Michael Joe Cini
20th October 2023
Lost in apps – healthcare’s cry for unity
Alex Raychuk, founder & CEO at Medentee Ltd., delivered a keynote address today during the final day of the Med-Tech World Summit held at the Mediterranean Conference Centre in Valletta, Malta. The Med-Tech World Summit is an annual event that brings together companies, start-ups, investors, professionals, and media from the world of healthcare technology.
Fragmented communication channels
In his keynote speech Raychuk focused on one of the major problems in the healthcare industry, namely fragmented communication channels and how healthcare professionals, caught in the middle, are carrying the burden. He said that “looking at the industry from the outside, there is a real mess, there are too many channels and too much information to process. How can our hero, the single healthcare professional, handle everything?”
Raychuk introduced his speech by explaining how healthcare professionals are at the centre of the industry, juggling communication across professional communities, during professional events, with other professionals and in work organizations like hospitals and clinics. Each organization decides which application or platform to use, and all healthcare professionals, employees and service providers must align. The problem is exacerbated if healthcare professionals work in different organizations, having to navigate different apps, passwords and profiles.
Master jugglers?
When considering communities, healthcare professionals navigate networking, follow news and live events. Communication is happening over emails, social media, Whatsapp groups and so many more. Raychuk asks: “Who does not have the freedom to choose? Who carries the whole burden?” His answer is simple, “the healthcare professional, who is actually carrying all the workload”.
The same scenario unfolds when Raychuk considers professional events – mobile applications, meeting scheduling and events apps which health professionals download and use for just a few days at best. Again, when considering meetings, health professionals need to align to many apps and tools, such as Google Meet, Zoom, Microsoft Teams and many others.

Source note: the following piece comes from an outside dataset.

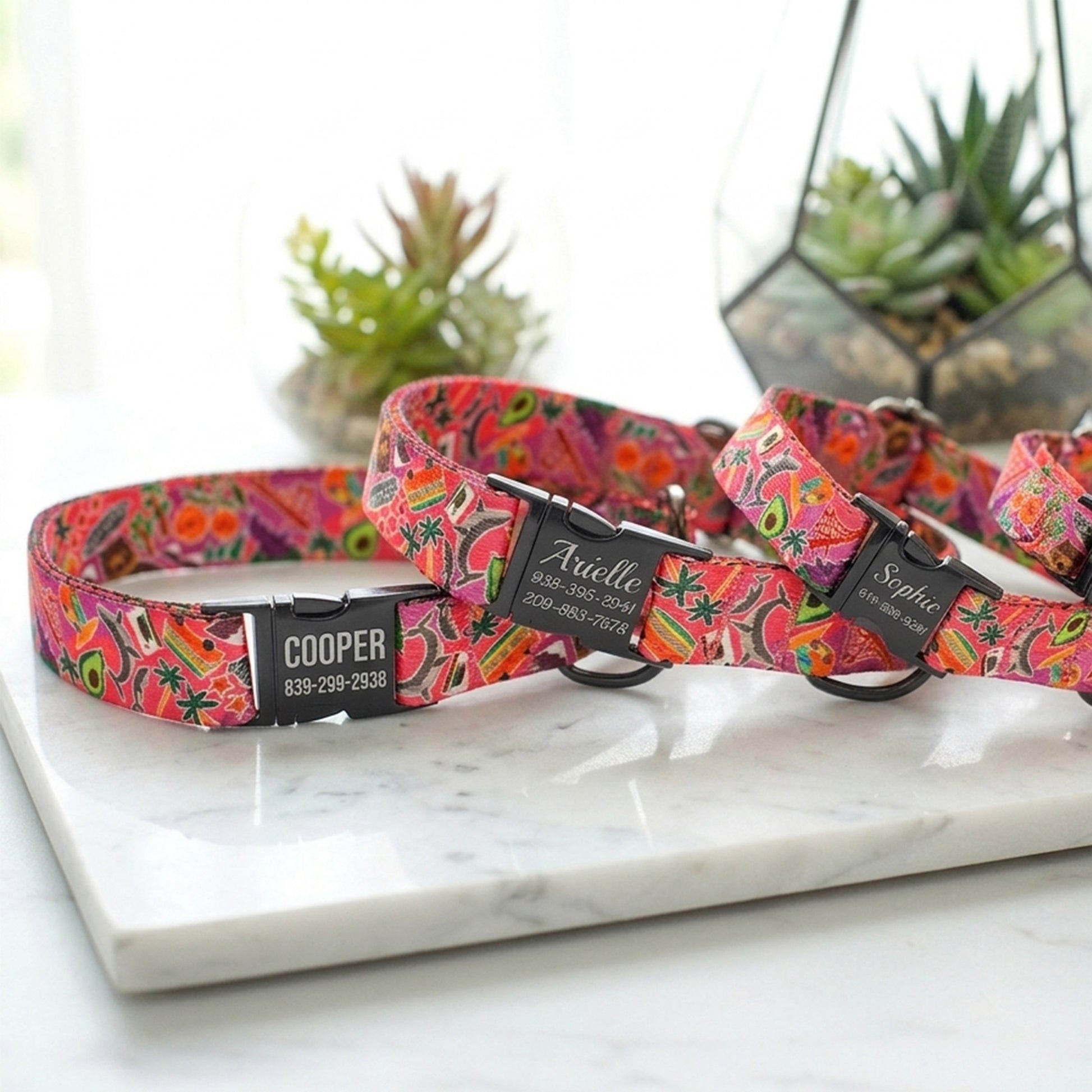 Colorful floral-patterned dog collars with engraved names on a marble surface.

Raychuk asked an important question, “In order to avoid becoming master jugglers, how do healthcare professionals decide which app to choose?” He professed a solution, namely, unified professional platforms, where a radical shift in perspective means that the focus is not on what works for the organisation, but what works for the individual healthcare professional.

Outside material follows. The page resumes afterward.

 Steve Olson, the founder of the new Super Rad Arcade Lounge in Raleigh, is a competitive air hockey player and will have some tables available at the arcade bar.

Unified professional platforms – Medentee’s solution
Raychuk said that Medentee decided to take on this challenge and after 3 years of development they are ready to launch an app which signifies the first attempt to solve this problem. Medentee are pioneers in the space, thinking in terms of communication channels of healthcare professionals and not in terms of organisations. “The healthcare organisation will align with healthcare professionals according to what is convenient to the professionals, and not the other way round.”

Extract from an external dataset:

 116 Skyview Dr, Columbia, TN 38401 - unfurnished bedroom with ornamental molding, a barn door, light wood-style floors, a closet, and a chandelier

Raychuk concluded his keynote by inviting the audience to “think in terms of how the whole industry can simplify the lives of healthcare professionals in order to free their time to give better care to patients.”
Speaking at the fringe of the summit to SiGMA News following his keynote delivery, Raychuk added that too few players in the market think about what the individual health professional needs and instead focus on solutions for big organisations. Medentee’s product is still a B2B solution, but the focus is on providing a solution for healthcare professionals to ease the burden of the overwhelming overload of information.